As he remained quite ill, as antibiotic after antibiotic failed to make him well, it was “scary as heck,” Amdur Spitz says now, remembering how helpless she felt, though her son did eventually improve.

“Everyone was perplexed as to why he wasn’t getting any better,” she says.

That was a wakeup call for Amdur Spitz,head of her namesake strategic communications/public relations firm, and husband Jeff Spitz, an Emmy Award-winning documentary filmmaker. They decided they were going to be “more mindful” of their food choices. Through their company, Groundswell Educational Films, they chronicled their journey, which included raising chickens at the family’s former Northbrook home.

The result is “Food Patriots,” a 74-minute, often quite humorous film about a very serious subject: the safety of our food. I think those funny moments make the film so accessible to so many. For a little more than a year they have been showing it just about anywhere people want to gather and watch.

One message they hope people take away is the importance of improving our food choices. In the documentary, they introduce others who have taken small steps that eventually led to big changes in the food supply for not only their families, but their communities. It’s a really inspiring film.

Amdur Spitz started her family’s changes by making sure that 10 percent of their grocery purchases were fresh, organic and local. That’s doable, right?

In “Food Patriots,” Amdur Spitz and others go to their legislators with a signed petition that seeks to take the risk of antibiotic superbugs out of school lunches.

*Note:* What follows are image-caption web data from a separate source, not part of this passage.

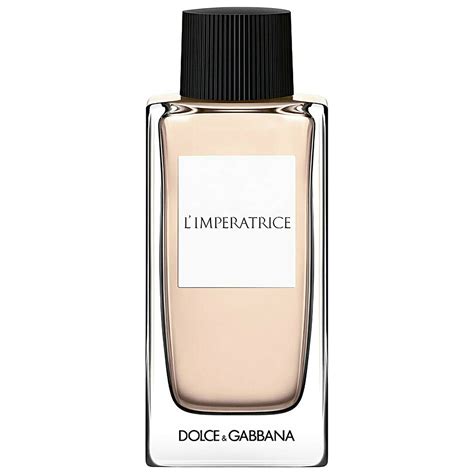 parfum dolce gabbana l'impératrice|l'imperatrice perfume review.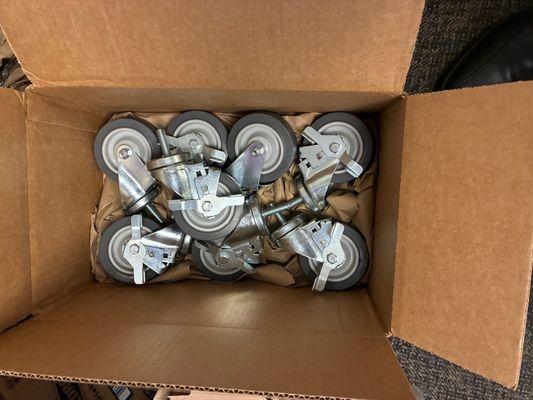 Visual Impressions Inc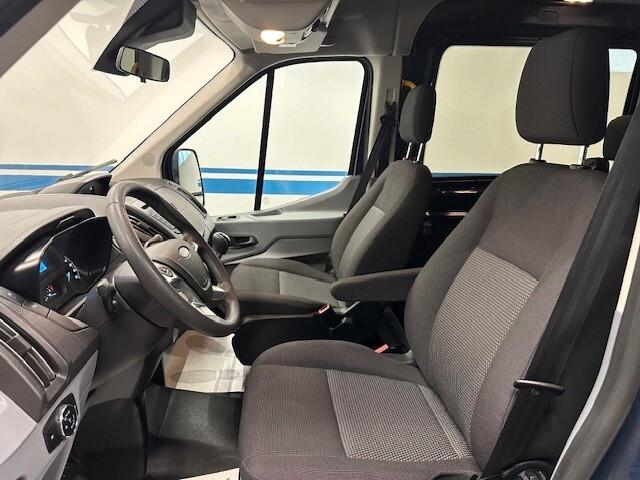 Ford Transit Bus 310 2.0TDCi EcoBlue 130CV PM-TM Combi Entry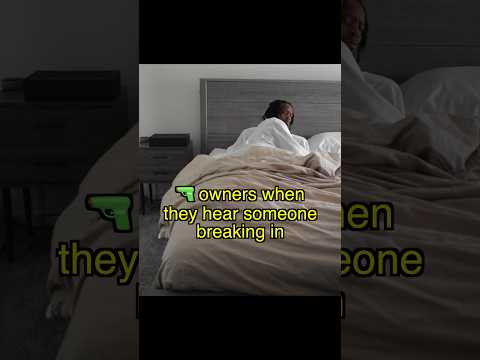 ALWAYS READY for HOME DEFENSE with Black Smith quick (0.1sec) access, fingerprint handgun safe #guns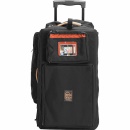 PORTABRACE Wheeled Production Audio Case with Removable Off-Road Wheel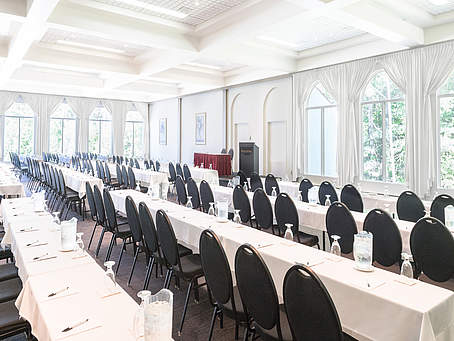 Hôtel Chéribourg, Orford - Salle de réunion/événements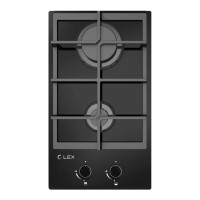 LEX GVG 321 BL вар. пов. газ.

The lawmakers were, for the most part, unmoved, and they’re “still not interested,” Amdur Spitz says.

But if we, the consumers, change, oh, those legislators are going to notice. More important, food companies will pay attention. We change up our eating habits and the impact of those purchases are noticed.

“We can drive that change by what we eat,” says Amdur Spitz.

Impossible dream? Look at Target, with almost 2,000 U.S. stores. The chain just announced it’s moving away from processed packaged fare and – because of consumer demand – will offer more organic selections. Everyday shoppers made their preferences known, impacted the company’s bottom line, and change is occurring.